# Try it:
Which lines of the data contain the string "Rent"? Show each of them.

# Information provided:

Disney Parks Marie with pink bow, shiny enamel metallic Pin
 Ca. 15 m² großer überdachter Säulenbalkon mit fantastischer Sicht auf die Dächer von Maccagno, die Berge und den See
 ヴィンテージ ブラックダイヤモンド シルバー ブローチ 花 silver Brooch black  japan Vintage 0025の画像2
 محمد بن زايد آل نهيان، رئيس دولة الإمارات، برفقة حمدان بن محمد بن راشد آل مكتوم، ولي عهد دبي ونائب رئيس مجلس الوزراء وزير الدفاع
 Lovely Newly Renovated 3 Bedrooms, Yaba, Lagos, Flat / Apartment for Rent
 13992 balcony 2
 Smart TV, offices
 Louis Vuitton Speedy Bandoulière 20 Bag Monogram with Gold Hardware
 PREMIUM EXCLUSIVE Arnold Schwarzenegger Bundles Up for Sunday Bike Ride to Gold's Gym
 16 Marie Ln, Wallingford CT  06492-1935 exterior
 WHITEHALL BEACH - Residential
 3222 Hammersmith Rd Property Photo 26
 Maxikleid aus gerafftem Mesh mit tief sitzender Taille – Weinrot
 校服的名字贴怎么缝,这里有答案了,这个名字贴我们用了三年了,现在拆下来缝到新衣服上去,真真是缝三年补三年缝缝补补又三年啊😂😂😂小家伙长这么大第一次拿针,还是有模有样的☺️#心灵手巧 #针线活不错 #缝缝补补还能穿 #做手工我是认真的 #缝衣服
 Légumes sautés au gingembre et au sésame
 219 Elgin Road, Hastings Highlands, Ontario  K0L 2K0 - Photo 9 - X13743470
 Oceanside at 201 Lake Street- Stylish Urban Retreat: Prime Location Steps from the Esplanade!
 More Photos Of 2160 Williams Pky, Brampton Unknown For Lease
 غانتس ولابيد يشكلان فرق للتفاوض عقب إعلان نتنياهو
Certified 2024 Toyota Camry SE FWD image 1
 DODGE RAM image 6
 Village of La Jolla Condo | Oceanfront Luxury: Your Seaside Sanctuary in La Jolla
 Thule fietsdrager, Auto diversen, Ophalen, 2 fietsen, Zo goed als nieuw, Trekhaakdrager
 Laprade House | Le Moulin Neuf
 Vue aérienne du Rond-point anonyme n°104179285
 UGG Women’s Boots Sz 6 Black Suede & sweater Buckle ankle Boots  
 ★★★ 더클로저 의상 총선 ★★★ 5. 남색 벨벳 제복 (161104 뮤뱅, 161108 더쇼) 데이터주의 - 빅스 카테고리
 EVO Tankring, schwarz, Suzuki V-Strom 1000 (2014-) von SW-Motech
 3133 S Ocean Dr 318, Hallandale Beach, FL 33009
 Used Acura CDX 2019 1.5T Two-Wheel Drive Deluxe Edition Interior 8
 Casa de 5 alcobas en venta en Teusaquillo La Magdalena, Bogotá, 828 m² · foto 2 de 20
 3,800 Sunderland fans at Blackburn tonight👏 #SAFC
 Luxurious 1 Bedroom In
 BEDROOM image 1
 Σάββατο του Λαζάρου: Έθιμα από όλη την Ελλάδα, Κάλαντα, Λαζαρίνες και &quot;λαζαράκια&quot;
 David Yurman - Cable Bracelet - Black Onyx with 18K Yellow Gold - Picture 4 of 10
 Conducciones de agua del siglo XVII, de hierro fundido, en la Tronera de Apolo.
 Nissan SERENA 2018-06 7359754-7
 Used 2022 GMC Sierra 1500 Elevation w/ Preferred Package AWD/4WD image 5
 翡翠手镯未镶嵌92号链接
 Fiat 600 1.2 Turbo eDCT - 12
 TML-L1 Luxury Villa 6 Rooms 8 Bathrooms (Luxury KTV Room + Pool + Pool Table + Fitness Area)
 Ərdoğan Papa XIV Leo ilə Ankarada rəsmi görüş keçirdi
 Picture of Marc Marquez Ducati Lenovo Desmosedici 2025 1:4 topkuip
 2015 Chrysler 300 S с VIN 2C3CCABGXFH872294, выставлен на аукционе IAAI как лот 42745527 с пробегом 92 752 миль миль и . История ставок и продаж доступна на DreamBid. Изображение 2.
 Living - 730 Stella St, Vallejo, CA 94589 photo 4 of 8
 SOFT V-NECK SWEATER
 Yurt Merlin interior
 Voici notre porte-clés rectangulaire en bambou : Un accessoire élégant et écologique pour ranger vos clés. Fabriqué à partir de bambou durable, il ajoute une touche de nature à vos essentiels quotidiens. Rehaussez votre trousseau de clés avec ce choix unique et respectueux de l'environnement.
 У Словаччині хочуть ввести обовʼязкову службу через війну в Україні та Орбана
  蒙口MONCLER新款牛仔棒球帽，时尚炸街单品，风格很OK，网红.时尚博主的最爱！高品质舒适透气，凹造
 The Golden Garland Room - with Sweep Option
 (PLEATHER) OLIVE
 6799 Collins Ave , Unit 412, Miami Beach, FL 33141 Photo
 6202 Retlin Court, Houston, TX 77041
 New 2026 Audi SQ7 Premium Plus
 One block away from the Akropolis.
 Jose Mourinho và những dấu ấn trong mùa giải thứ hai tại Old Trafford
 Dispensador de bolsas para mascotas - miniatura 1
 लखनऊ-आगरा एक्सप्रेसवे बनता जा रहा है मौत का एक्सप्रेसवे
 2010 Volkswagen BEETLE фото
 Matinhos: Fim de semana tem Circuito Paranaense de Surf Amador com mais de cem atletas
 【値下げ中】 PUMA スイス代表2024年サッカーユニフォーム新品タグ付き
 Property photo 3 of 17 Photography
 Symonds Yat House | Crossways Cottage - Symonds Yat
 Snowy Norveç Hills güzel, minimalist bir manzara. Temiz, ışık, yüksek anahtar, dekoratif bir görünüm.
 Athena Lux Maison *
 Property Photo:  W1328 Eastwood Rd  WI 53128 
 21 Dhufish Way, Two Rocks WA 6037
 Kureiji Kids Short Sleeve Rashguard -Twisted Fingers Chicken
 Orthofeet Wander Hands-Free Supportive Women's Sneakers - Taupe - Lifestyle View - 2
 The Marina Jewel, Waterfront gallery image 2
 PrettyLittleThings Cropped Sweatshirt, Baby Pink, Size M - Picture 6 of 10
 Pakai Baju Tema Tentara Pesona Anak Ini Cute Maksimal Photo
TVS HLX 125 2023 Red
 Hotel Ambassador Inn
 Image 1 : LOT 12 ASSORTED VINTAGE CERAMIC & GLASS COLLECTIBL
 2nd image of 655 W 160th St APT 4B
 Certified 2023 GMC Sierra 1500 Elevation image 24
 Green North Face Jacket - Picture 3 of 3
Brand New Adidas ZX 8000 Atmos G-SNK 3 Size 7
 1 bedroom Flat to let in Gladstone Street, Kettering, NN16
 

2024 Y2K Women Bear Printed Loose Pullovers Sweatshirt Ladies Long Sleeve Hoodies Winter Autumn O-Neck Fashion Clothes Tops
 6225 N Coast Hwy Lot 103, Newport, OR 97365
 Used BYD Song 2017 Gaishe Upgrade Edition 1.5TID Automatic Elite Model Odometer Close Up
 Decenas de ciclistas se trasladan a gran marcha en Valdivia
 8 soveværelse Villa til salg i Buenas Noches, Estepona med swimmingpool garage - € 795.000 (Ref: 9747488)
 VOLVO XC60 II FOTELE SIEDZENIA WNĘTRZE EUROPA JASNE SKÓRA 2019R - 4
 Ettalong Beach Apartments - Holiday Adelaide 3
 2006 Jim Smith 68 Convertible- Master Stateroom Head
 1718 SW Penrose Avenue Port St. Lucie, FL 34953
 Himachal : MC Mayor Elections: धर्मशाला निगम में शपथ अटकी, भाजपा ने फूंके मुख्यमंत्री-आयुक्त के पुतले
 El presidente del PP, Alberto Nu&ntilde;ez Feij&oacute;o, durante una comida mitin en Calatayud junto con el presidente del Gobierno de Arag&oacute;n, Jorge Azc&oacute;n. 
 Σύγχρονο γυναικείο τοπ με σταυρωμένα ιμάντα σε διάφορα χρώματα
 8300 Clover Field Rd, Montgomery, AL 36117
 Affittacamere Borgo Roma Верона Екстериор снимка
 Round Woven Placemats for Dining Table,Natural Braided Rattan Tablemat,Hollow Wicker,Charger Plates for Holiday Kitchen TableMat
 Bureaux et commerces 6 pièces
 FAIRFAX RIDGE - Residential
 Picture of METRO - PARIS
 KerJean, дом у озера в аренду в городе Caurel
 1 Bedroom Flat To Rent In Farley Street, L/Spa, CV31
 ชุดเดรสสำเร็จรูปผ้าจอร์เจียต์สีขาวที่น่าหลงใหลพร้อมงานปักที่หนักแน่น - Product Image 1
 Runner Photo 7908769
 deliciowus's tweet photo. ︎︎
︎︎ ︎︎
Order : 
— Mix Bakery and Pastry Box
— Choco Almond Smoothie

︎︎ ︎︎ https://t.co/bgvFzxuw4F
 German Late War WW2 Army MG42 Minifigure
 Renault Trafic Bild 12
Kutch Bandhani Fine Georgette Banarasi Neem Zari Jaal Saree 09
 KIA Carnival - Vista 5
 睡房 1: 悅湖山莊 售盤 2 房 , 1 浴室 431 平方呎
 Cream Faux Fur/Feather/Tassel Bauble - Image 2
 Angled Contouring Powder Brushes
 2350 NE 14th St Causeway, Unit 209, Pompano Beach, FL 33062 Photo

# Solution for this task:
 Lovely Newly Renovated 3 Bedrooms, Yaba, Lagos, Flat / Apartment for Rent
 1 Bedroom Flat To Rent In Farley Street, L/Spa, CV31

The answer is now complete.